8 Replies Latest reply: Nov 22, 2012 1:17 AM by Fabrizio Bartolomuci
Fabrizio Bartolomuci Level 1 Level 1 (0 points)

I managed to collect the behavior of a complex web site into a webarchive. Thereafter I would like to turn that webarchive into an html set of nested directory. Yet, when I did it both with Waf and with a commercial software bought on the the Apple store, what I got was just the nested directory with the html page at the bottom and no images, nor css nor working links. If you are interested the webarchive document is at:

http://www.miafoto.it/it/GiroMilano.webarchive

while the weak product of the extraction is at:

http://www.miafoto.it/it/Giromilano/Pagine/default.aspx

and the empty directories above.

In addition to the different look, the webarchive displays the same behavior as the official web site - when a listbox vales is selected and then the button pushed - while the extracted version just produces a page with no contents, by reloading itself rather than the official page. As you may see the webarchive is over 1MB while the product of the extraction just little over 1 KB.

What is wrong with it and how may I perform such an apparently trivial business with usable results?

Thanks, Fabrizio


MacBook Pro, Mac OS X (10.7.1)
  • 1. Re: Converting a webarchive to html
    andyBall_uk Level 7 Level 7 (20,320 points)

    http://sourceforge.net/projects/webarchivext/files/ seemingly works better than waf or the later https://github.com/robrohan/WebArchiveExtractor/downloads

    on the example file you gave, although you lose the perfect map image, although scrolling in that doesn't work offline even in the webarchive format

     

    if a current site, Camino's save-as webpage complete is easier

  • 2. Re: Converting a webarchive to html
    Fabrizio Bartolomuci Level 1 Level 1 (0 points)

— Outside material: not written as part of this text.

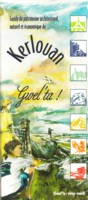 Kerlouan Gwel'ta|Premère de couverture du livre gwelta premiere de couv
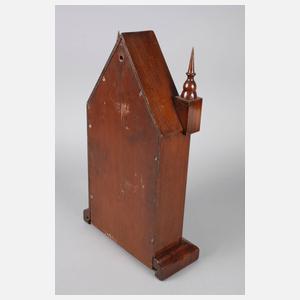 Tischuhr mit Wecker USA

    What I need from tra HTML page that the web archive as long as the source page do differently of all my experiments, is the possibility of selecting a line and trigger the loading of a new page with the belonging station embedded: I am not so much interested in that page so much as using that as a trampoline to show the correct one in order to parse the belonging station. Have you checked this possibility is given with your solution? given even waf displays a page but it leads nowhere upon selecting a line.

     

    Thanks, Fabrizio

  • 3. Re: Converting a webarchive to html
    andyBall_uk Level 7 Level 7 (20,320 points)

    I think I follow what you want, & no, although the application produces most all of the referenced files, it doesn't create a page that will call up a new    ...atm.it/it/Giromilanoone one like the webarchive does.

  • 4. Re: Converting a webarchive to html
    Fabrizio Bartolomuci Level 1 Level 1 (0 points)

    I am astonished. Is it possible that a webarchive holds inside itself a sort of magic that may not be written on a book of spells? In that case I change my question: is there the possibility to modify the html part in a webarchive and have it keeping on working, and in that case how would I do it without screwing up the non ascii characters in the heading an possibly elsewhere as a normal editor would do?

  • 5. Re: Converting a webarchive to html
    andyBall_uk Level 7 Level 7 (20,320 points)

    no magic, but as you've seen, the converter/folderizer apps aren't consistent.

     

    you can surely edit the html using any raw editor, or even a plist editor.

     

    since you rely on the site still existing/being accesssible - can you use an iframe to display the actual site, instead ?

  • 6. Re: Converting a webarchive to html
    Fabrizio Bartolomuci Level 1 Level 1 (0 points)

    As for the raw editor, have you got any suggestion for either mac or windows leaving possibly apart vi or emacs?

    If any needed the site as-is, of course your option would be good, yet my need is to use that page to open a number of other ones by programmatically selecting a listbox in the page. In practice I need to feed the page with a select value and the page should open the correspondent one like it were manually selected. The problem is that the page presently performs this feat by using scripts stored in .axd virtual files, very Windows style, I have no cue about how to use and much less create.

    Thereafter having the possibility of modifying the webarchive would be just the start of the story.

     

    Of course that would be more a Windows forum issue, but given I am a Mac fan, Apple people are smarter and Safari webarchives seem to tackle them, I feel more comfortable in proposing it here :-)

  • 7. Re: Converting a webarchive to html
    andyBall_uk Level 7 Level 7 (20,320 points)

    http://www.suavetech.com/0xed/0xed.html is quite nice on a mac, & free; textwrangler should be more useful, certainly easier to read.

     

    http://www.nightproductions.net/prefsetter.html will open .webarchives & show how they're arranged, just have to add.plist to the name for it to recognise them. I expect that other plist editors will do the same

     

    if your saved webarchive 'remembers' date & other settings ( seems to?), is it possible to save one for each required value?

  • 8. Re: Converting a webarchive to html
    Fabrizio Bartolomuci Level 1 Level 1 (0 points)

    My problem is that I would like the webarchive to shed some light on the inner working of this Windows technique to build a nuclear facility for opening a page upon selecting a listbox! So if most of the things in the webarchive remain hidden, I am afraid the shed light would not be shining...

    What I am still looking is to have that page or webarchive to programmatically select one element of its listbox to open the appropriate page on the remote site, as the webarchive does, so rising my expectations that is a doable thing.